Would you reproduce each of the records below precisely, with the pictures left out?

"""

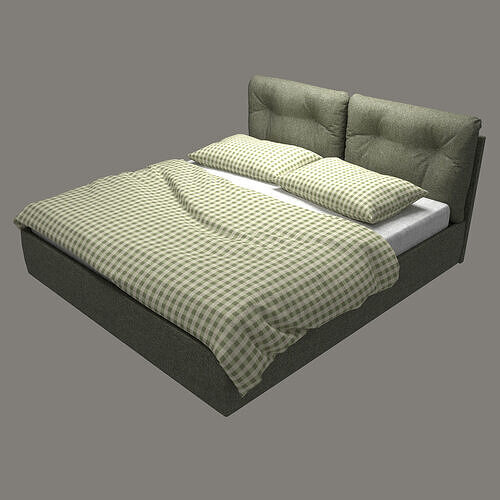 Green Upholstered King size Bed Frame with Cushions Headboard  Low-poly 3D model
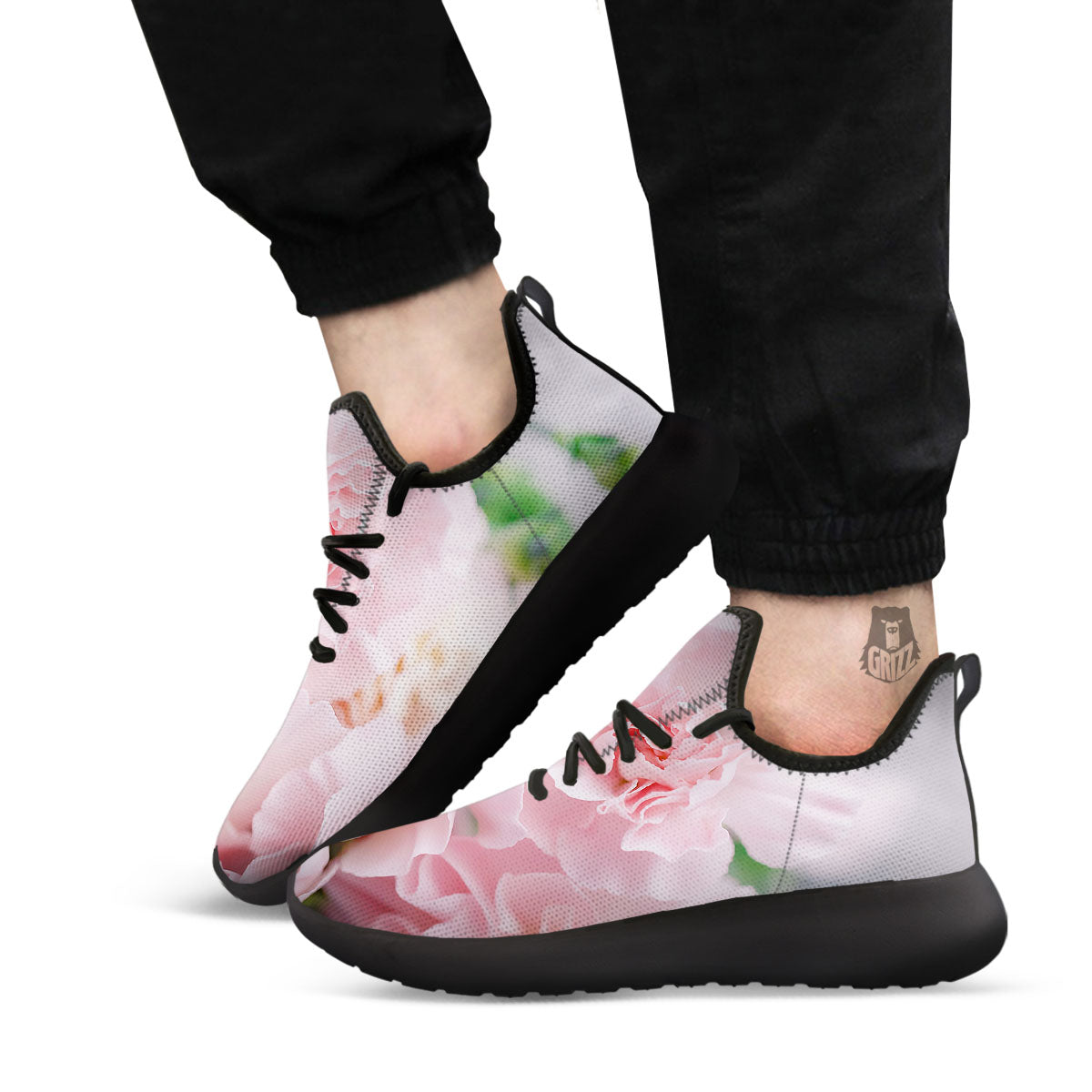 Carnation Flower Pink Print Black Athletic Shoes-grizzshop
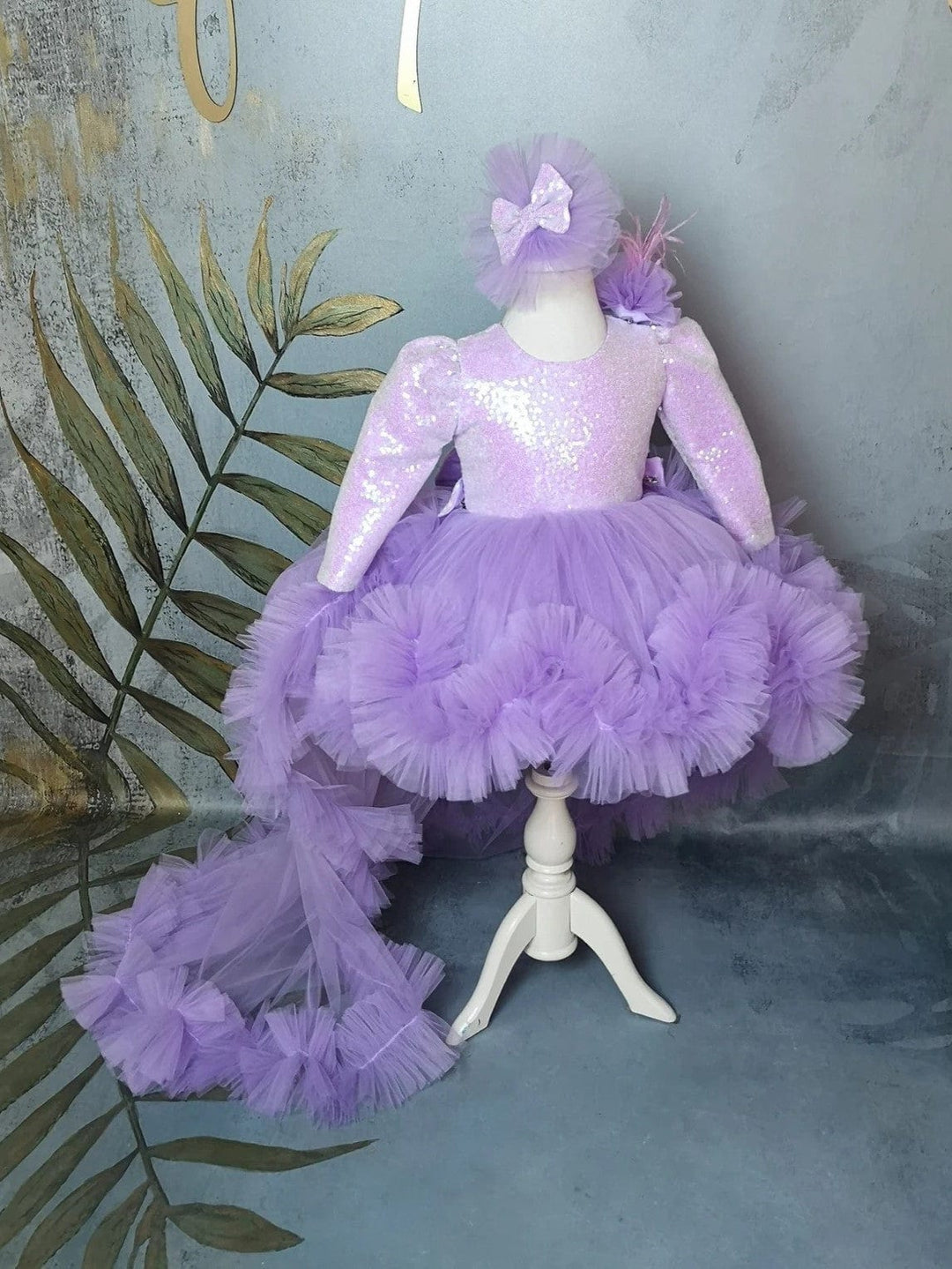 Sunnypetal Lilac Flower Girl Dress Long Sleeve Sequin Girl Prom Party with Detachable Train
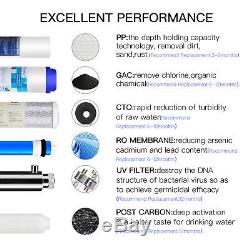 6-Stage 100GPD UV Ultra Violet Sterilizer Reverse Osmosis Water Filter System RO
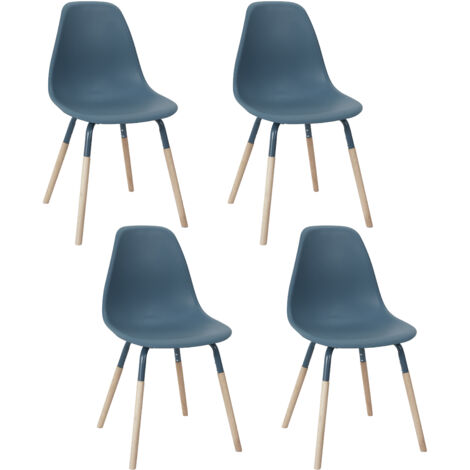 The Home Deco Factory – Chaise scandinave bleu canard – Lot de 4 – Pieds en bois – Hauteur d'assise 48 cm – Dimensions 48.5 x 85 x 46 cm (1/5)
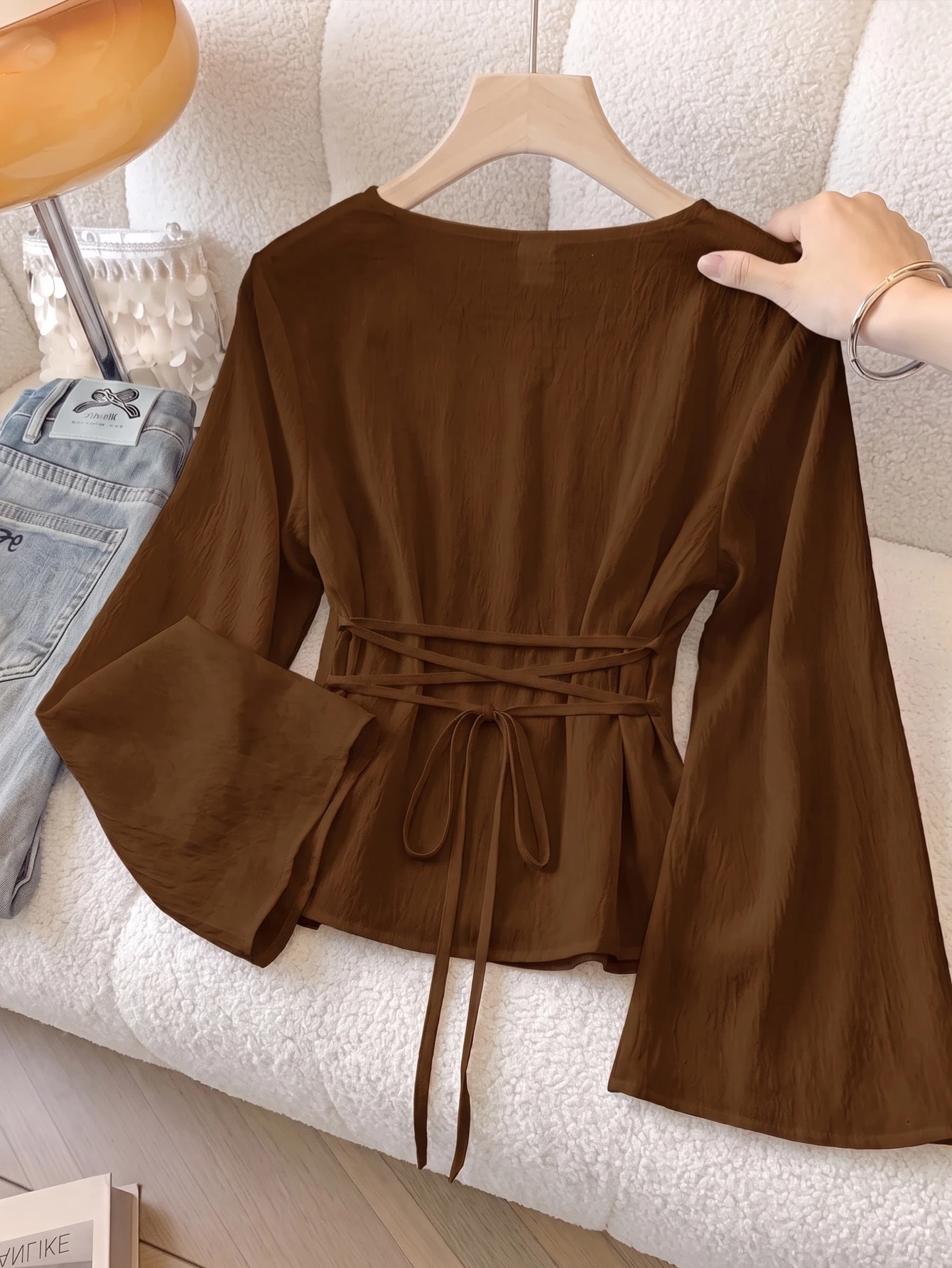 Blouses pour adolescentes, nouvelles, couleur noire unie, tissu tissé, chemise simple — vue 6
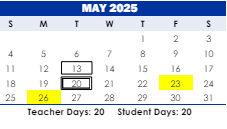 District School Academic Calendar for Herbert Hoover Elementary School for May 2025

"""

Response.
 Green Upholstered King size Bed Frame with Cushions Headboard  Low-poly 3D model
 Carnation Flower Pink Print Black Athletic Shoes-grizzshop
 Sunnypetal Lilac Flower Girl Dress Long Sleeve Sequin Girl Prom Party with Detachable Train
 6-Stage 100GPD UV Ultra Violet Sterilizer Reverse Osmosis Water Filter System RO
 The Home Deco Factory – Chaise scandinave bleu canard – Lot de 4 – Pieds en bois – Hauteur d'assise 48 cm – Dimensions 48.5 x 85 x 46 cm (1/5)
 Blouses pour adolescentes, nouvelles, couleur noire unie, tissu tissé, chemise simple — vue 6
 District School Academic Calendar for Herbert Hoover Elementary School for May 2025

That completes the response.